From the sonata’s opening flourish Perlman and Kissin captured the music’s brilliance, showing depth with a very gentle approach to the quieter secondary theme. Kissin was especially effective when reproducing Mozartian runs with every note given an identical touch. Perlman and Kissin’s subtlety carried over into the slower middle movement, where they passed melodies back and forth as if they’d been doing it together for years. The sonata’s finale marvelously mixes march-like passages with ribald outbursts. It is eerily reminiscent of the finale of the D-major violin concerto, K. 218, the teenage Mozart had written 5 years previously. Perlman and Kissin gave it a genteel feel as they effortlessly moved from bravado to frolic.

Itzhak Perlman performed wonderfully on Wednesday night. Photo by Lisa Marie Mazzucco.

The next work on the program has very different feel and outlook from the Mozart. This work, the second violin sonata by Johannes Brahms in A-major, op. 100, shows off this romantic composer’s mellower side. While the work certainly has moments of tension, it is remarkable how an overall sense of calmness oozes throughout. This is a marked contrast to the two pieces that immediately surround it in the Brahms cannon, a cello sonata in F-major, op 99, and a piano trio in c-minor, op. 101. As a group, the three works explore the full range of Brahms’ talent; a concert devoted solely to these three works would certainly be of interest.

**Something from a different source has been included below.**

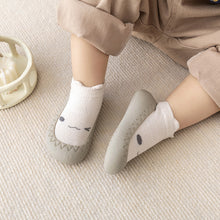 Laden Sie das Bild in den Galerie-Viewer, Rutschfeste Schuhe für Kinder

The violin sonata starts with a quiet melodic passage of piano chords with the violin answering with brief whiffs of melody. Perlman and Kissin approached it with fluidity that yielded a robust build-up to the dreamy, yet climactic secondary theme. Their ensemble interaction came through in the middle section that explores the themes in a very calm and reflective way. The second movement starts with an airy melody that Perlman warmly played, while Kissin offered quiet accompaniment. They provided a nice contrast with faster, up-tempo middle sections. The overall performance was excellent enough to overlook Kissin’s muffed run at the very end of the second movement.

After intermission, attention turned to Ludwig van Beethoven’s so-called Kreutzer Sonata in A-major, op. 47. As Beethoven’s music moved between his early period, characterized by adherence to the models set down by Haydn and Mozart, into a middle period that represented a definitive break with the past, there are a handful of works that seem to be transitions. The Kreutzer Sonata is one of the last of these. In addition to offering expanded forms and higher levels of intensity, it explored an unexpected key signature in the opening movement. While the brief introduction is in the work’s overall key of A-major, it quickly heads into a tempest in a-minor. This movement offers a large hint of what was to come from Beethoven’s pen within a year or two.

Evegeny Kissin has performed the chamber music repertoire with masters in the field. Photo by Bette Marshall.

Perlman opened with wonderfully bright chords on his violin. After the piano’s response, there is a quick transition into the main section where Perlman and Kissin carefully moved into the fast presto. This movement goes through many shifts in tempo, mood, and feeling, and Perman and Kissin captured them wonderfully, best illustrated in the run-up to the secondary theme. At several places Kissin wonderfully juxtaposed bass melodies played on left hand with higher notes on the violin. Meanwhile, the right hand quietly and smoothly offered rills.

After the Kreutzer Sonata’s powerful opening movement, the last two movements are a bit of a come down. The middle movement is an extended set of variations on a lengthy theme. While pleasant and varied, it gets bogged down. Perlman and Kissin gave it everything they could on Wednesday night, taking advantage of the many opportunities the variations present to showcase excellent technique. Perlman was especially effective playing the violin’s top most notes crisply and clearly on several occasions. Both he and Kissin illustrated their ability to shift mood and dynamic range subtly and quickly.

Following several well deserved ovations, Perlman and Kissin played two encores that contrasted nicely with the programmed works. First was Lensky’s aria from Act II of Peter Tchaikovsky’s opera Eugene Onegin, in an arrangement by Leopold Auer. Next, they offered, Manuel De Falla’s Danse Espagnole from La vida breve, arranged by Fritz Kreisler.